Japan passes a democracy-muzzling Patriot Act - adventured
http://www.globalpost.com/dispatch/news/regions/asia-pacific/japan/131206/japan-s-parliament-democracy-muzzling-secrecy-law

======
veidr
This is an infuriating and sad event. It's also the first time I have seen the
members of the Japanese parliament embroiled in an in-your-face shouting match
that looked perilously close to coming to blows.

As an American, the demise of the rule of law in my own country was really
hard to go through. As an expat now living in Japan, one of the awesome things
about being here was that although it's a wildly different environment and
culture, the rule of law, freedom of speech, and fundamental democracy have
been unquestioned. If you violate the law, and are caught, there are
consequences -- like it was the USA of my youth.

This isn't just a 'secrecy' law; as (vaguely) written, it is also a
_censorship_ law that goes even further than the US 'PATRIOT' act. You can
theoretically be imprisoned for a tweet, or a peaceful gathering, or basically
if the government just waves its hands and mumbles 'terrorism'.

This kind of law was one of the main lubricants for the United States's
ignominious slide into unlawful, unconstitutional depravity: kidnapping,
imprisonment without charge, assassination, murder, torture. Once something
can not be found out -- or cannot be published or discussed even if it is
found out -- the government and various bad actors within it have a shield
that lets them ignore the law or the constitution and do what the fuck they
want.

I don't envision Japan going as bad as America any time soon -- it has, after
all been the most peaceful major nation of the last 65 years, having not
exercised military aggression toward any nation in that time.[1]

But still, the degradation of a democratic society is something to be
lamented. And America's role in overturning its own best legacy is shameful.

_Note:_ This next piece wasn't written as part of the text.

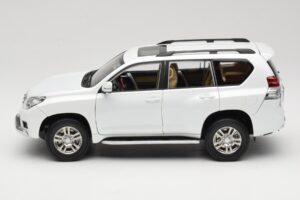 Toyota Land Cruiser Prado J150 Weiß Paudi Model 1:18 623132-WH Druckguss — Bild 4 von 8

[1]: But: one (unsubstantiated) theory I have heard floated is that this was
rammed through as a presage to a secret Japanese nuclear weapons program. With
China becoming an increasingly aggressive and hostile bad actor in Asia, using
its military to make wild bombastic threats against Japan (and Vietnam, and
the Philippines), unilaterally trying to assert ownership over more and more
territory in the region, Japan has found itself in a situation that looks more
and more like the USSR-era Cold War -- but with no hope other than to rely on
the US for protection.

------
adventured
The largest low crime country in world history, using terrorism as a straw-man
to destroy freedom of speech, with heavy pressure from the first country to
properly enshrine freedom of speech into a constitution. What is the world
coming to....

I'm not sure what all of this qualifies as, if not a wave of fascism
enveloping the globe. Not so different from the authoritarian waves that
occurred in the 20th century (lest anyone thought such things were somehow
impossible just because a few decades had passed).